Cut crime, not budgets
The new government's spending review is the great debate of the day, and with good reason. With £80bn to be cut from government spending across four years, it's not just those who work in the public sector who will feel it. One way or another, it will affect us all.
But while I think we all agree that something needs to be done to sort out the public finances, some cuts are clearly better than others. The Federation of Wholesale Distributors are rightly chuffed that although HMRC are having their budget reduced overall, resources to clamp down on duty avoidance will actually be increased.
This sounds like an example of a government spending money to make money, a principle that businesses have long understood but which governments rarely do.
It would be good if a similar balance can be found for other sorts of crime. In a kind of doublespeak exercise, the government has this year announced both that police officers will be more prominent in local communities, and that their budgets will be cut by 4% every year.
I hope that the former policy is more visible than the latter. Most retail crime is opportunistic in that people try it on because they think they can get away with it. A tangible police presence is a deterrent to crime occurring in the first place, and this will not only ease the pressure on police paperwork, investigation time and the courts, it will also give businesses a massive boost by seeing less of their hard-earned profits disappear through shrinkage. Let's save money to make money.
I wouldn't normally make a comment about a particular product here, but I wish to raise a glass in praise of cider.

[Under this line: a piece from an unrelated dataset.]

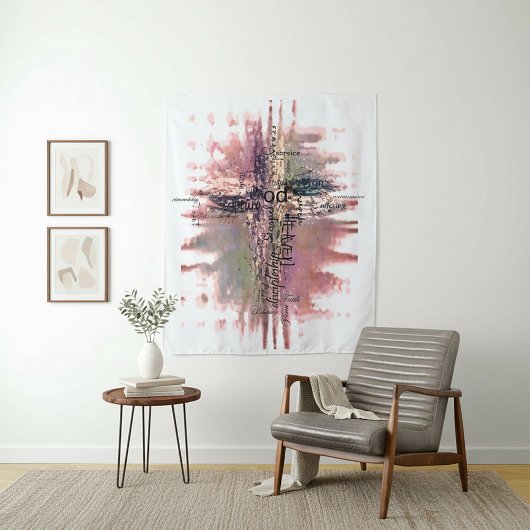 Grunge Christelijke woorden kruisen Wandkleed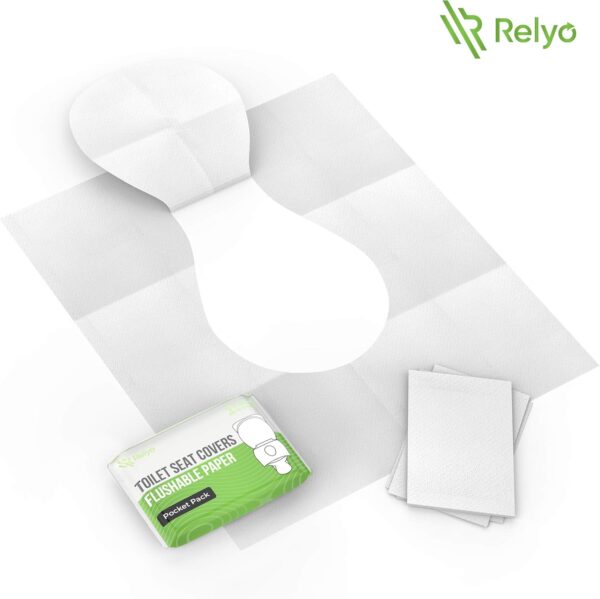 Toilet Seat Covers Paper Flushable (50 Pack) - XL for Adults and Kids Potty Training, 100% Biodegradable Travel Accessories Public Restrooms, Airplane, Camping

In my 10 years on this magazine, every department of the average store has evolved, but few have turned negatives into positives as spectacularly as cider.
I remember going to a press briefing several years ago when Scottish & Newcastle had just acquired Bulmers, a company with great tradition but no obvious sense of purpose. S&N, now Heineken, was confident that cider could be elevated above its tramp-in-the-park image and appeal to more than its loyal but static consumer base.
Seven years on, they have been proved right. Not only has the image of cider changed, but it has consistently grown faster than beer in recent years.
It's not all down to one company, of course. Magners and a couple of hot summers have played a part. We're now seeing an increasing number of regional and imported brands, not to mention flavours and pack formats, and retailers throughout the land are allocating more space to cider brands than ever before. It's nice when a plan comes together.